Love Actually  featured department store Selfridges, Heathrow Airport and the London Eye observation wheel. Notting Hill, the film starring Julia Roberts and Hugh Grant, lives up to its name with multiple location spotting opportunities. The famous blue door may have been repainted but you can find the house used for the exterior shot on Westbourne Park Road. At the time of filming, it belonged to the film's writer, Richard Curtis. Inspiration for the book shop Grant's character owned came in nearby Blenheim Crescent, where you'll still find the Travel Bookshop. 

London is always a hive of filming activity. Last year Woody Allen used it as the backdrop for his soon-to-be-released Match Point, starring Scarlett Johansson Locations include the 'Gherkin' building (officially called the Swiss Re), the Millennium Bridge and the Covent Garden Hotel (it was an easy commute for Johansson, as she lived in the hotel during filming) as well as Queens Tennis Club in West London. Allen enjoyed filming Match Point so much that he's coming back to London this summer to shoot his new - as yet untitled - film.

A more futuristic version of Britain will be on show from November, when V for Vendetta, a film by the Wachowski Brothers, opens.

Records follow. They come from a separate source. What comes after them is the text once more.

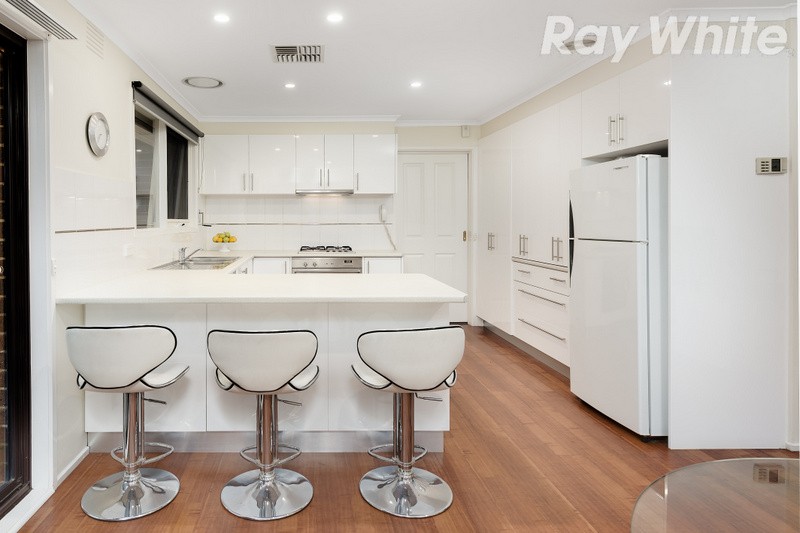 98 Betula Avenue, Bundoora, VIC 3083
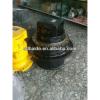 final drive assembly,travel motor assy,Kobelco,EX161,EX200-2,PC200,SK60,EX163,SK250,EX230,ZX60,ZX70,SK230,KX135 #1 small image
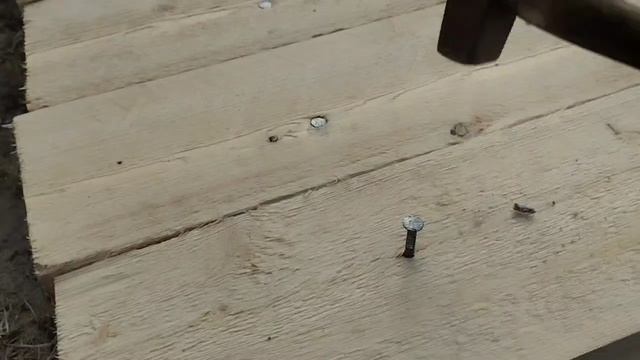1000026421.mp4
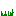 Texture for grass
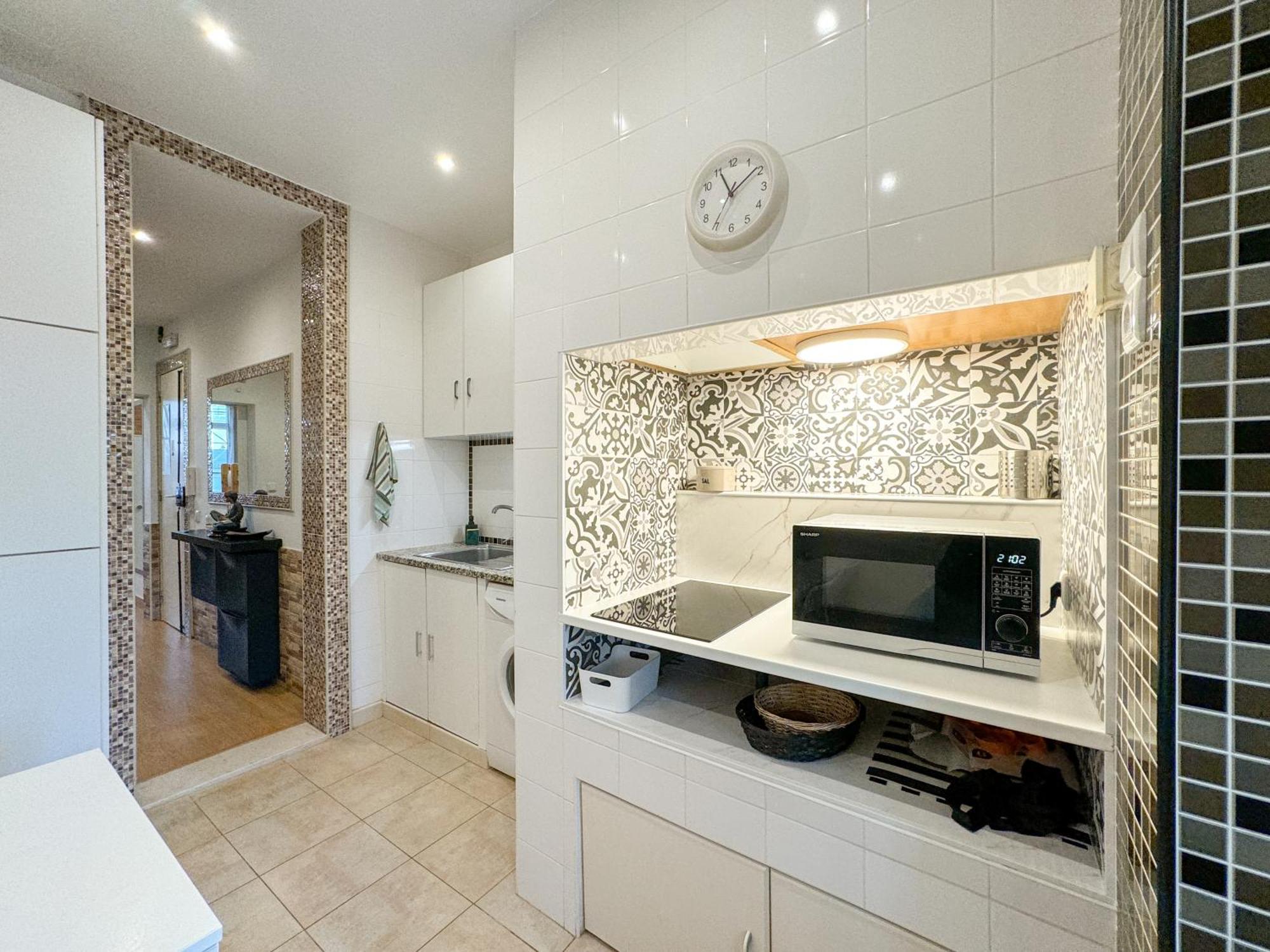 Quiet And Cozy, Easy Access To Lisbon Highlights #1880 Apartment Exterior foto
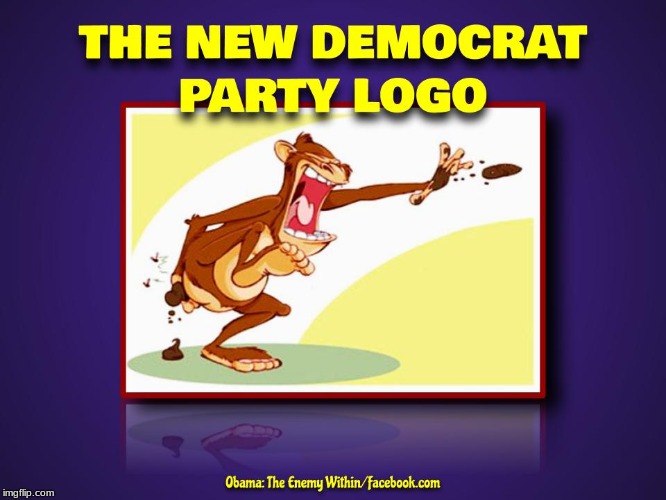 image tagged in politics,political,politically incorrect,american politics | made w/ Imgflip meme maker
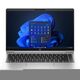 HP Probook 440 G10 [AP3Y9AT] Silver 14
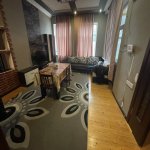 Kirayə (aylıq) 4 otaqlı Həyət evi/villa Sumqayıt 15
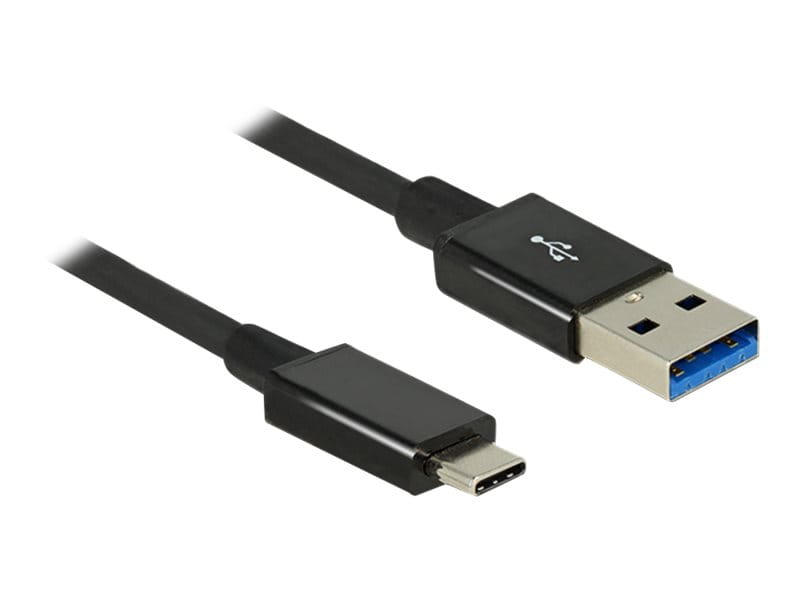 Usb 3.1. Кабель USB 3.0 Type a male - Type-c 3.1 male 0,2. Переходник Type c на Coaxial.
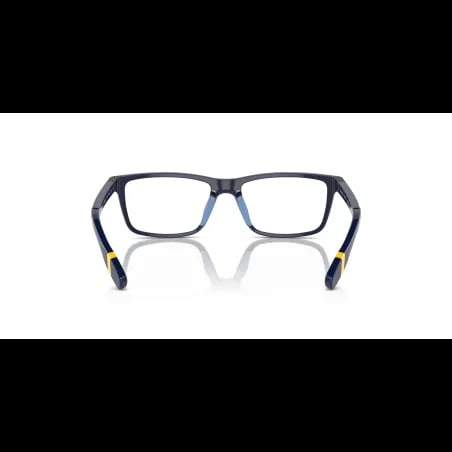 Polo Ralph Lauren  PP8547U - miniatura 3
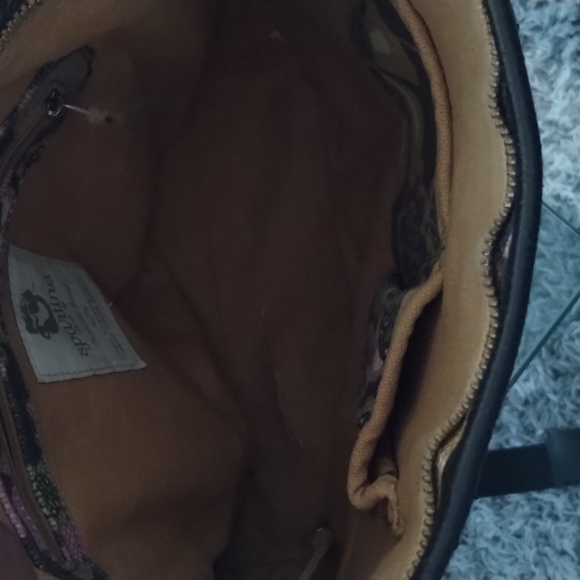 Purse - Picture 2 of 4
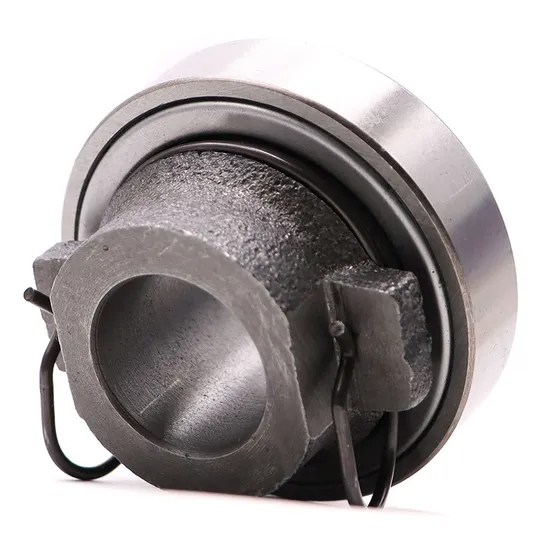 Auto-Bearing-Wheel-Bearings-Dac35720037-Dac35760054-Dac35770042-Dac35800047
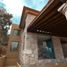 4 Habitación Casa en venta en Morelia, Michoacán, Morelia, Michoacán
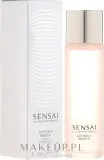 Лосьон для лица Sensai Cellular Performance Lotion II увлажняющий для сухой кожи 60 мл — фото 1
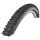 Schwalbe Reifen Schwalbe Smart Sam HS476 Draht 28x1.60"42-622 sw Refl.LSkin Perf.Addix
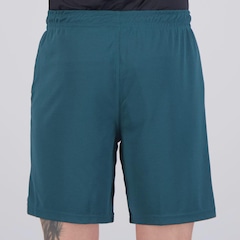 Bermuda Fila Sport 7,5 Masculino - Foto 4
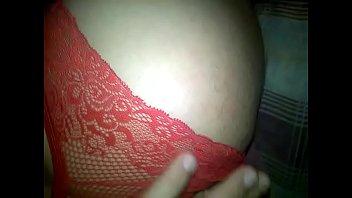 Video amador sexo encontro de casados bi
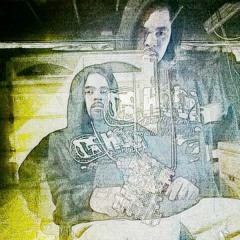 Since elementary tk'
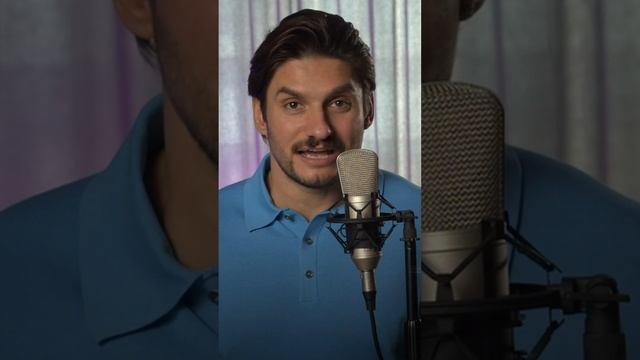 ОБРАТНАЯ СВЯЗЬ смотреть онлайн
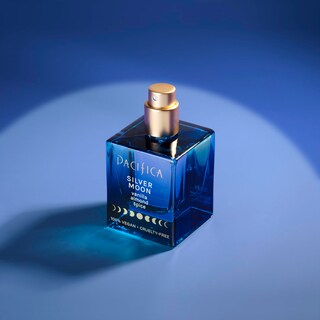 Foto 6 | Perfume Pacifica Moon Silver Eau de Parfum 30 Ml - Venta Internacional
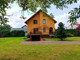 Dom na sprzedaż - Fryderyka Chopina Żurawica, Przemyski, 178 m², 862 900 PLN, NET-1113/2609/ODS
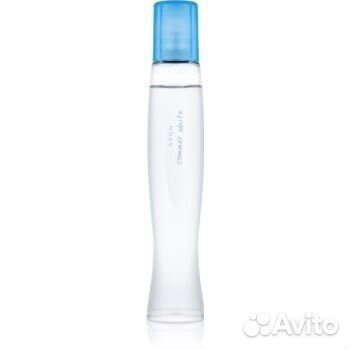 Туалетная вода Avon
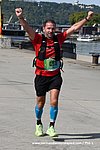 Dsc 1407.jpg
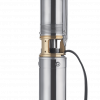 UNIPUMP
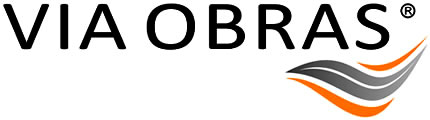 Via Obras
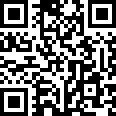 QRコード https://mirunuku.net/?cid=1ienfa45002
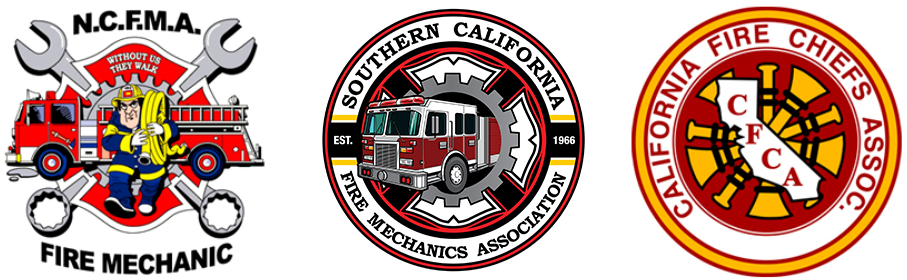 CaliforniaFireMechanics.org - Cal Fire Chiefs Mechanics Sections
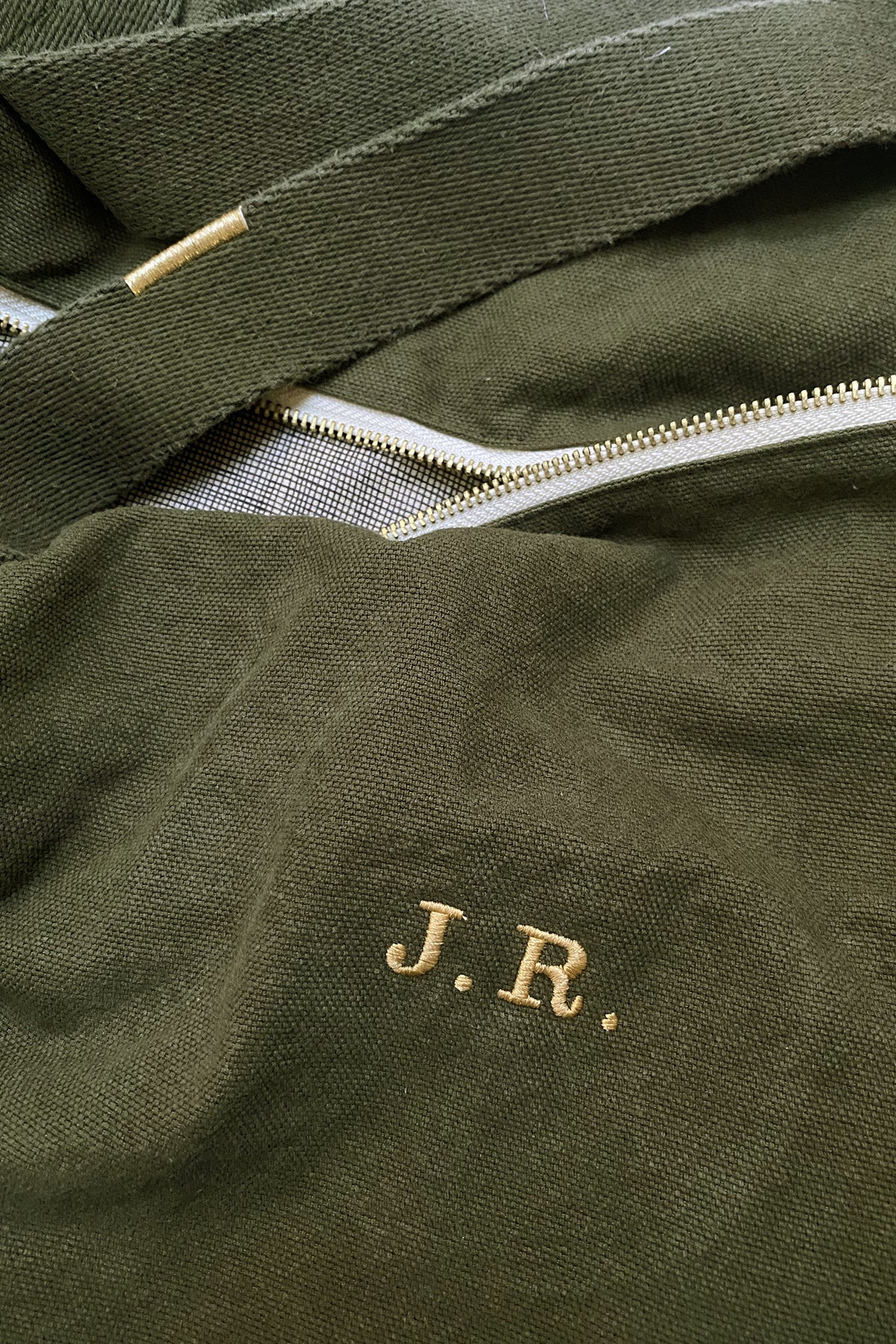 Personnalisation-bowling-vert-capre-JR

Starring Natalie Portman, earlier this year, a three-night shoot took place in London, with tanks and extras dressed as commandos, outside the House of Commons. 

Meanwhile, Jude Law and Juliette Binoche are starring in Breaking and Entering, a new film from Anthony Minghella, director of the Talented Mr Ripley. It's a hard-edged drama about an architect whose life starts to fall apart when his offices are burgled. It's largely being filmed on location. So if you see a handsome man in a hard hat hanging around Kings Cross this summer, look twice to make sure that it isn't Jude Law in costume. Several people have been caught out.